In many Biomedical areas, the identification and validation of surrogate endpoints is of prime interest to reduce the duration and/or size of clinical trials. Numerous validation methods have been proposed, the most popular is based on a two-step analysis strategy in the context of meta-analysis. For two failure time endpoints, two association measurements are usually considered, one at the individual level and one at the trial level. However, thus approach is not always available mainly due to convergence or estimation problems in clinical trials. We are presenting here different approaches based on joint frailty models and a one-step validation method with new attractive and well developed tools for the validation of failure time surrogate endpoints. Both individual- and trial-level surrogacy were evaluated using a new definition of Kendall's tau and the coefficient of determination.

We aim in this work to popularize these new surrogate endpoints validation approaches by making the methods available in a user-friendly R package. Thus, we provide in the frailtypack R package numerous tools, including more flexible functions, for the validation of candidate surrogate endpoints, using data from multiple randomized clinical trials. We have especially the surrogate threshold effect which is used in combination with R^2_{trial} to make a decision concerning the validity of the surrogate endpoints. It is also possible thanks to frailtypack to predict the treatment effect on the true endpoint in a new trial using the treatment effect observed on the surrogate endpoint. The leave-one-out cross-validation is available for the assessment of the accuracy of the prediction using the joint surrogate model. Other tools concerned data generation, studies simulation and graphic representations.

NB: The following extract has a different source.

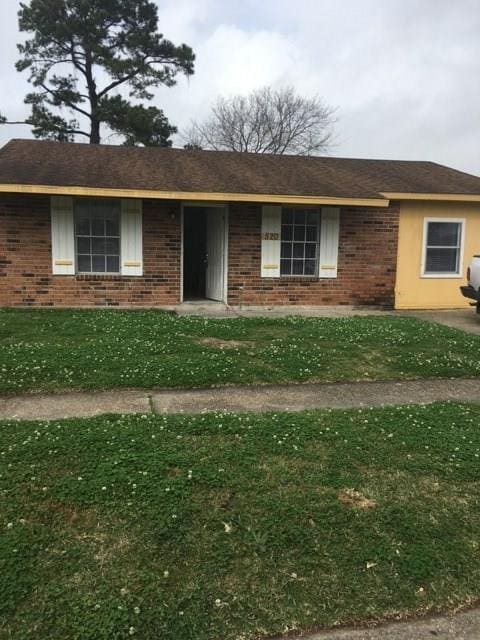 520 Emile Ave, Westwego, LA 70094 - view of front of home with brick siding and a front yard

We illustrate the use of the new functions with both real data and simulated data. - Stijn Vansteelandt (Professor of Statistics. Ghent University, Belgium).

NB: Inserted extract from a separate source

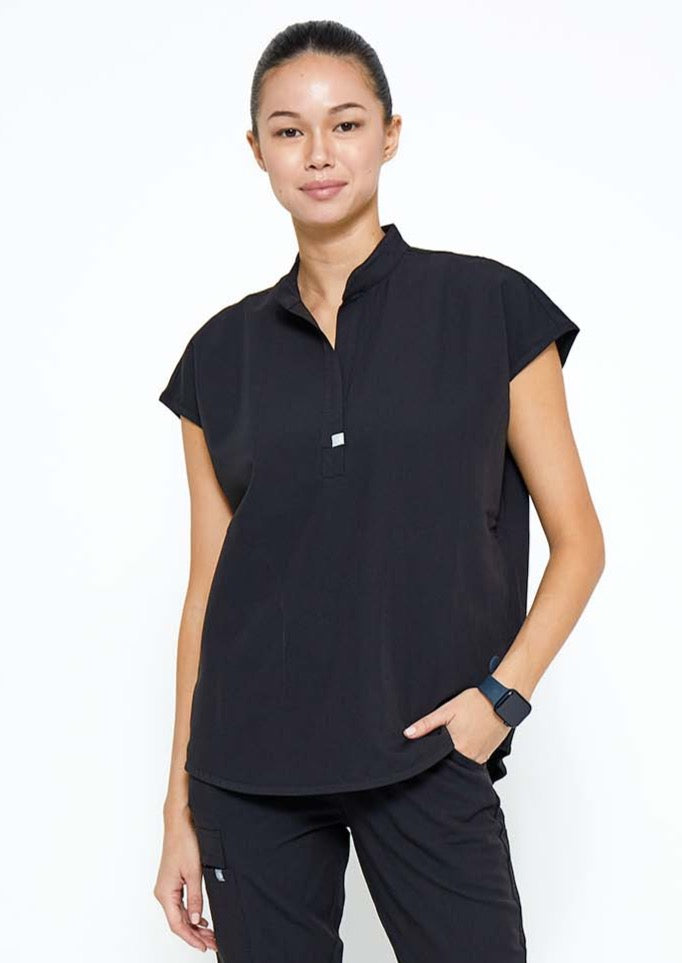Model wearing scrubs.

**Assumption-lean Inference for Generalised Linear Model Parameters**

Inference for the parameters indexing generalised linear models is routinely based on the assumption that the model is correct and a priori specified. This is unsatisfactory because the chosen model is usually the result of a data-adaptive model selection process, which induces bias and excess uncertainty that is not usually acknowledged; moreover, the assumptions encoded in the resulting model rarely represent some a priori known, ground truth. Standard inferences may therefore lead to bias in effect estimates, and may moreover fail to give a pure reflection of the information that is contained in the data. Inspired by developments on assumption-free inference for so-called projection parameters, we here propose nonparametric definitions of main effect estimands and effect modification estimands. These reduce to standard main effect and effect modification parameters in generalised linear models when these models are correctly specified, but continue to capture the primary (conditional) association between two variables, or the degree to which two variables interact (in a statistical sense) in their effect on outcome, even when these models are misspecified. We achieve an assumption-lean inference for these estimands by deriving their influence curve under the nonparametric model and invoking flexible data-adaptive (e.g., machine learning) procedures. This talk aims to be broadly accessible, focussing on concepts more than technicalities.This is joint work with Oliver Dukes, Ghent University.